BEGIN Data to examine
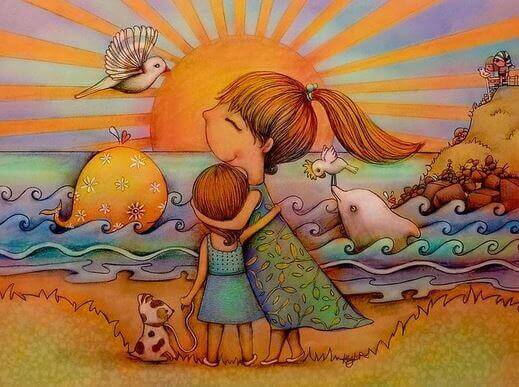 Die Liebe zu deinem Kind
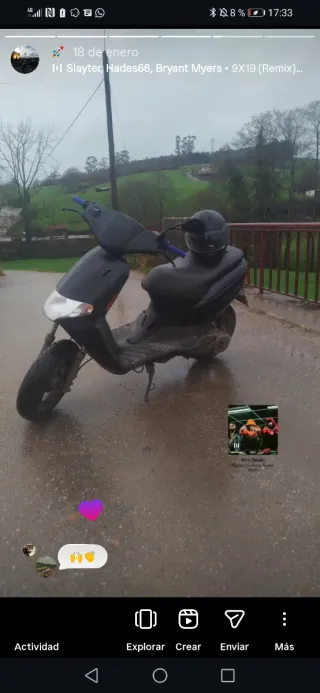 DERBI ATLANTIS 50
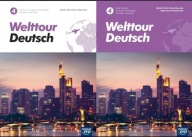 Welttour Deutsch 4 LO KOMPLET NOWA ERA Praca zbiorowa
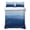 Navy Blue, variant on Twin Quilt Set 68''x86'', Navy Blue Ombre Lightweight Summer Bedspread Coverlet Set with 2 Pillow Shams, Modern Abstract Art Ocean Oil Painting Breathable All Season Quilt Bedding for Dorm/Bedroom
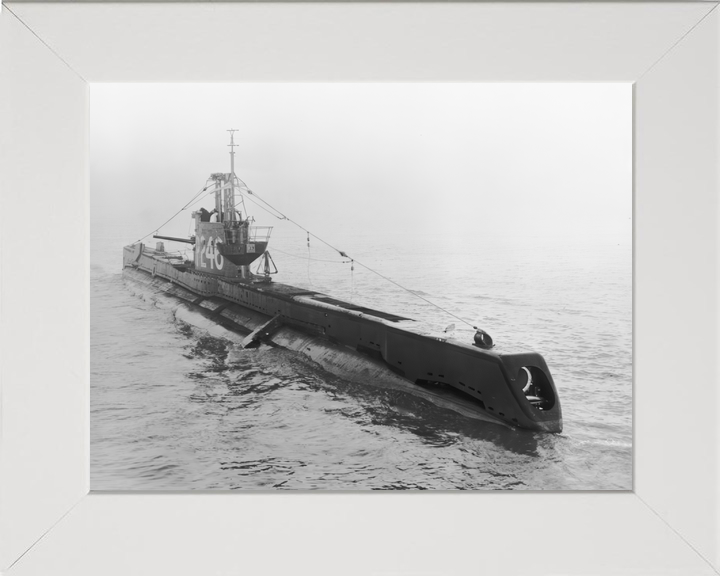 HMS Statesman P246 S Class Submarine 1944
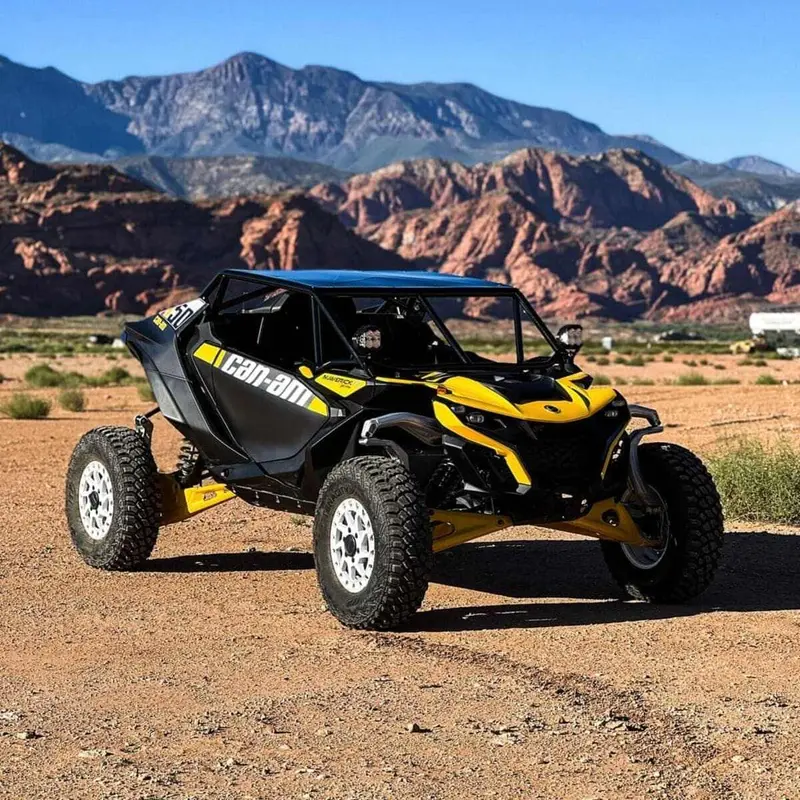 Voodoo Riders Can-Am Maverick R Desert Roll Cage 1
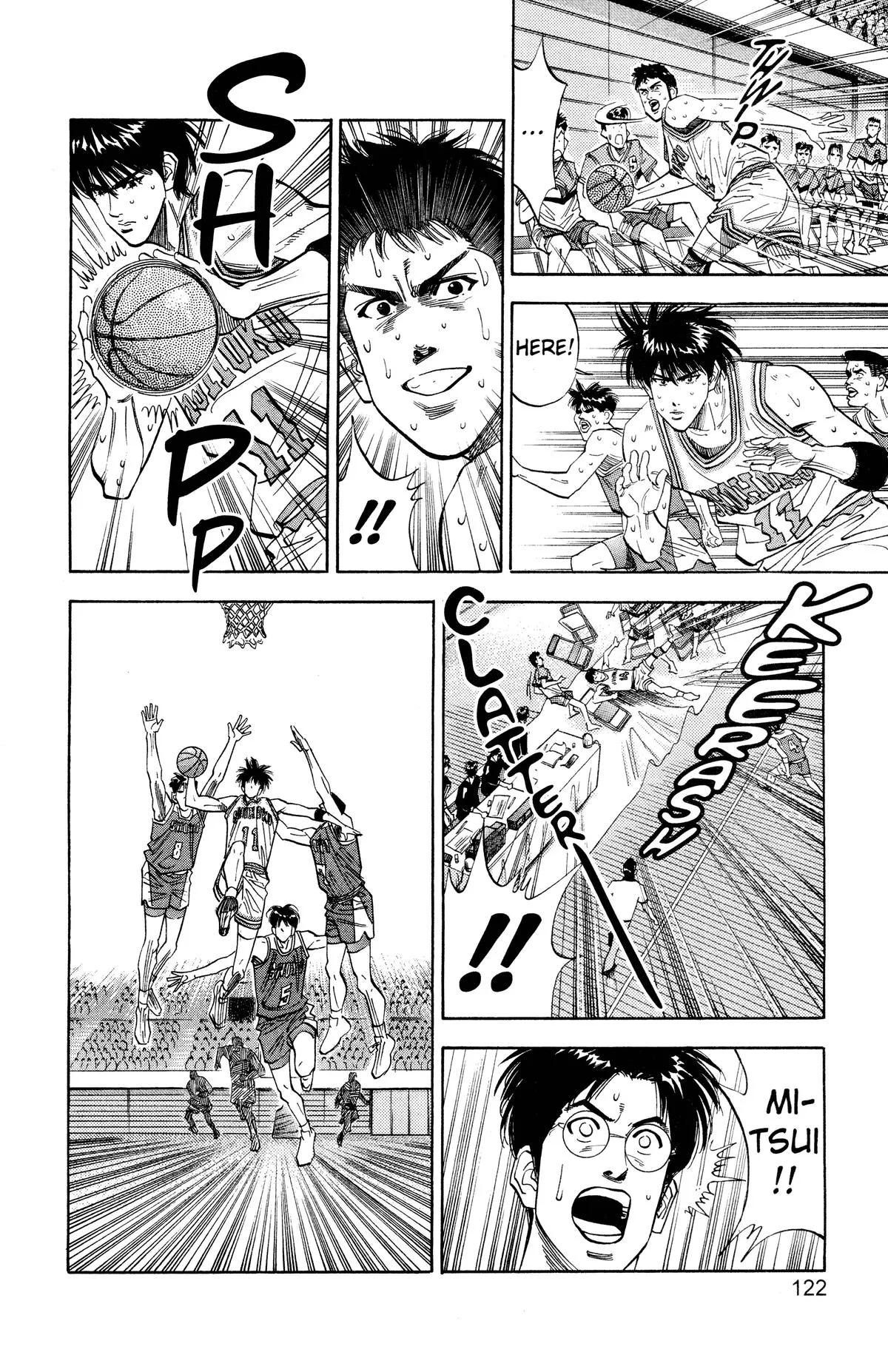 Slam Dunk, chapter 95, page 16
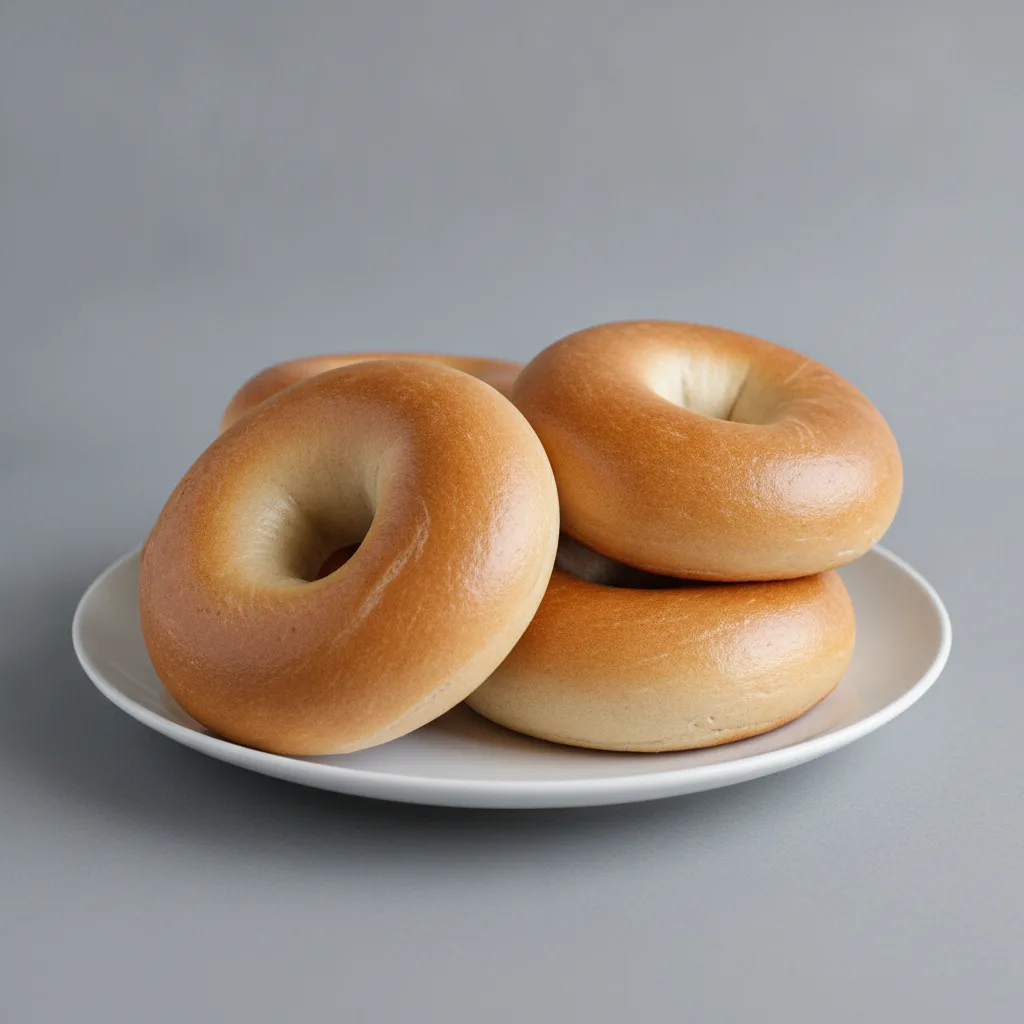 Plain Bagels Plain Bagels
END Data to examine
### Required work
Leave out the images and repeat the rest of the data word for word.

### Task output
 Die Liebe zu deinem Kind
 DERBI ATLANTIS 50
 Welttour Deutsch 4 LO KOMPLET NOWA ERA Praca zbiorowa
 Navy Blue, variant on Twin Quilt Set 68''x86'', Navy Blue Ombre Lightweight Summer Bedspread Coverlet Set with 2 Pillow Shams, Modern Abstract Art Ocean Oil Painting Breathable All Season Quilt Bedding for Dorm/Bedroom
 HMS Statesman P246 S Class Submarine 1944
 Voodoo Riders Can-Am Maverick R Desert Roll Cage 1
 Slam Dunk, chapter 95, page 16
 Plain Bagels Plain Bagels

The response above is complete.